Linzy mendongak menunggu balasan yang akan Zion lontarkan. Berharap jika bisikan hatinya selama ini bukan sekadar khayalan. Membuatnya yakin jika ucapan di rumah sakit cuma sebagai sangkalan cowok itu.

Dari segala sikap manis dan perhatian yang cowok berikan, kadang membuat Linzy menyimpulkan jika hati Zion adalah miliknya. Tapi, karena Zion tak pernah mengatakan itu secara langsung. Membuat Linzy menyerah, mungkin itu hanya angan. Angan yang dia cipta sendiri untuk kebahagiannya saja.

"Gue mohon, Yan ... jangan lakuin itu!" Bentuk kekalahan telak, Zion cuma bisa memohon frustasi.

Boleh tidak dari sana, Linzy percaya kalau kata hatinya tidak salah mengira?

"Lo masih gak mau jujur, Yon?" Lian berdecih jijik. "Atau gue aja yang ngomong?"

Linzy mengernyit. Ada rahasia apa lagi?

"Lo mau tau satu hal lagi gak, Zi?" Linzy belum siap untuk kejutan lagi. Lewat tangannya yang tergenggam pistol, Lian menunjuk Zion. "Cowok yang di sana ..." Lalu Lian melanjutkan dengan percaya diri. "Dia ... secret admirer lo yang sebenarnya."

°°°°

Ucapan Lian seperti mendengung di telinga. Mematikan seluruh saraf otaknya. Bahkan dinginnya malam yang akan turun hujan tak mampu Linzy rasa. Dia mendadak tak dapat mendengar apa-apa.

Kecuali perkataan Lian yang melumpuhkan semua.

Itu bener, Yon?

Linzy ingin mengucap itu secara lantang. Mendengar kejujuran Zion langsung. Jika bukan karena bibirnya kelu dan justru air mata yang jatuh lebih deras karena sesak di dada.

Mata Zion memerah saat mengatakan, "Jangan nangis, Zi. Gue mohon ... jangan nangis."

Ucapan Zion malah memperparah laju air matanya. Linzy merasakan dadanya merintih sakit sebab dibohongi.

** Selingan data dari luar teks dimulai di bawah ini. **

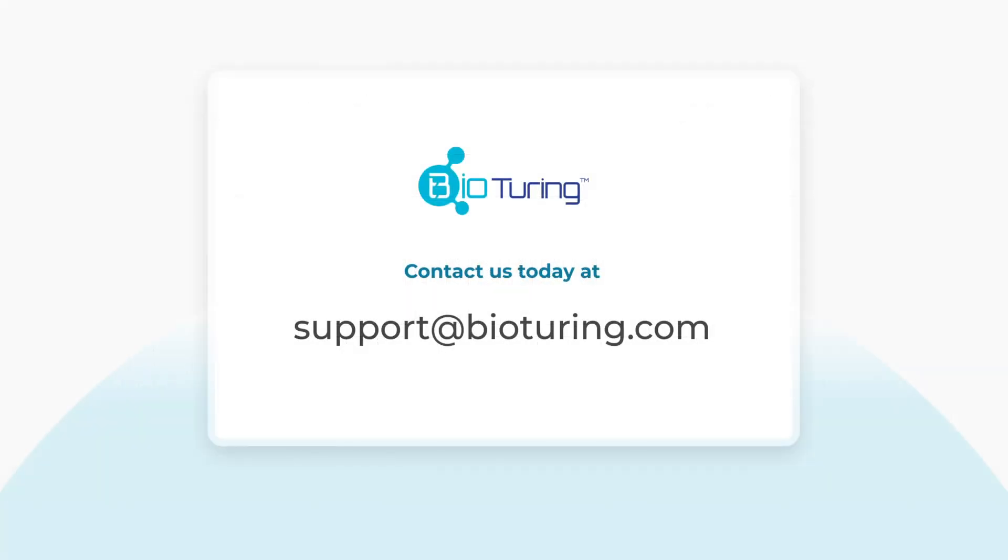We hope you find this video helpful. For more information, please contact us via support at bioturing.com.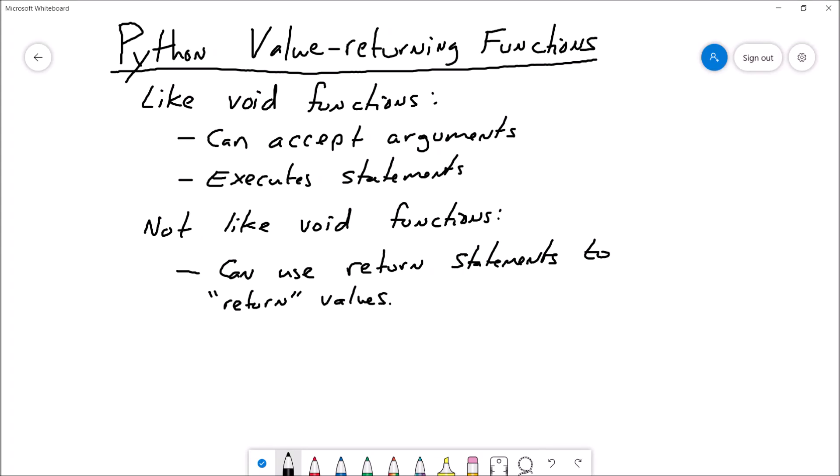Hi there, welcome back. This is Professor Hank, and in this video I'm going to show you how to use value-returning functions in your Python programs.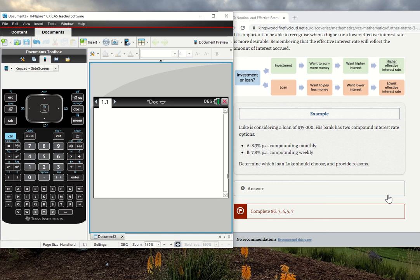Hello everyone. Today we're going to look at using the effective interest rate to compare two compound interest loans.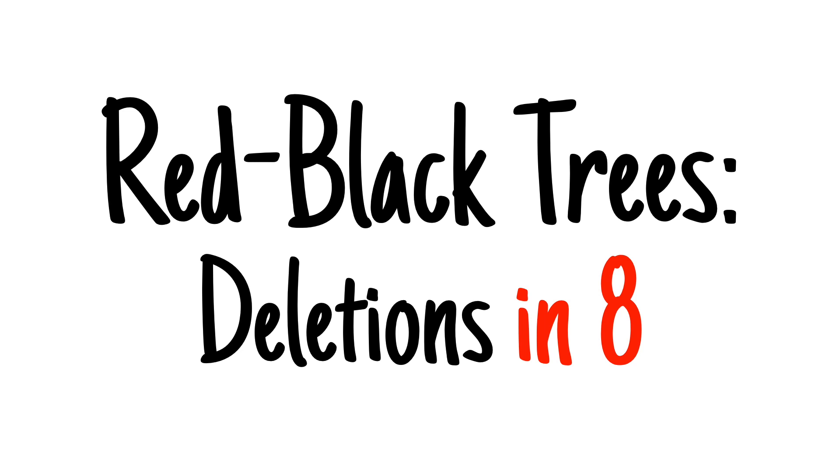Better late than never, even if I am five years late. Today we're going to learn about deletion in red-black trees.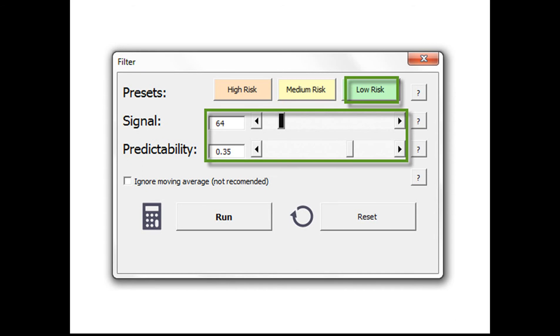When we press low risk, the settings automatically go to a signal of 64 and predictability of 0.35, which means that no stock with a signal below 64 or predictability below 0.35 can be highlighted. The stock's current price or last close would also have to be above the 5-day moving average of the stock's closing prices.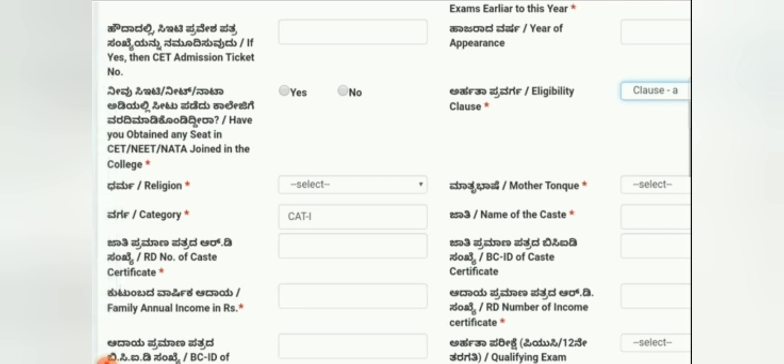The second option is General Details. Clicking it will ask whether you have appeared for CET earlier — if yes, enter your CET number. It also asks if you have joined any college through NATA. Your religion and caste category filled earlier will be shown here. You also need to provide your RD number from the caste certificate, BCID for backward caste claim, the RD number from your income certificate, and your family income.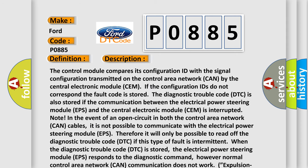The control module compares its configuration ID with the signal configuration transmitted on the control area network (CAN) by the central electronic module (CEM). If the configuration IDs do not correspond, the fault code is stored. The diagnostic trouble code (DTC) is also stored if communication between the electrical power steering module (EPS) and the central electronic module (CEM) is interrupted. Note: In the event of an open circuit in both control area network (CAN) cables, it is not possible to communicate with the electrical power steering module (EPS).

Kenapa Zion tidak jujur padanya?

"Sekarang lo udah tau bukan, kalo cowok depan lo itu juga pembohong," Lian menempelkan kembali ujung pistol di kepalanya. "Dia yang ngebuat lo terjebak sama gue. Andai dia jujur, mungkin sekarang lo gak ada di sini. Nunggu detik-detik kematian lo!"

Lian tergelak kejam, tanpa tahu kelengahan itu, Zion pergunakan. Cuma mengandalkan waktu lima detik, Zion berlari dan menendang tangan Lian, nyaris mengenai Linzy. Namun, beruntung pistol itu yang terlempar jatuh ke tanah.

Bukan cuma Linzy yang syok, Lian lebih syok. Dan itu kesempatan yang Zion ambil untuk menarik lengan Linzy dan menyembunyikannya di belakang tubuh. Menggenggam tangan cewek yang dipaksa memeluknya dari belakang.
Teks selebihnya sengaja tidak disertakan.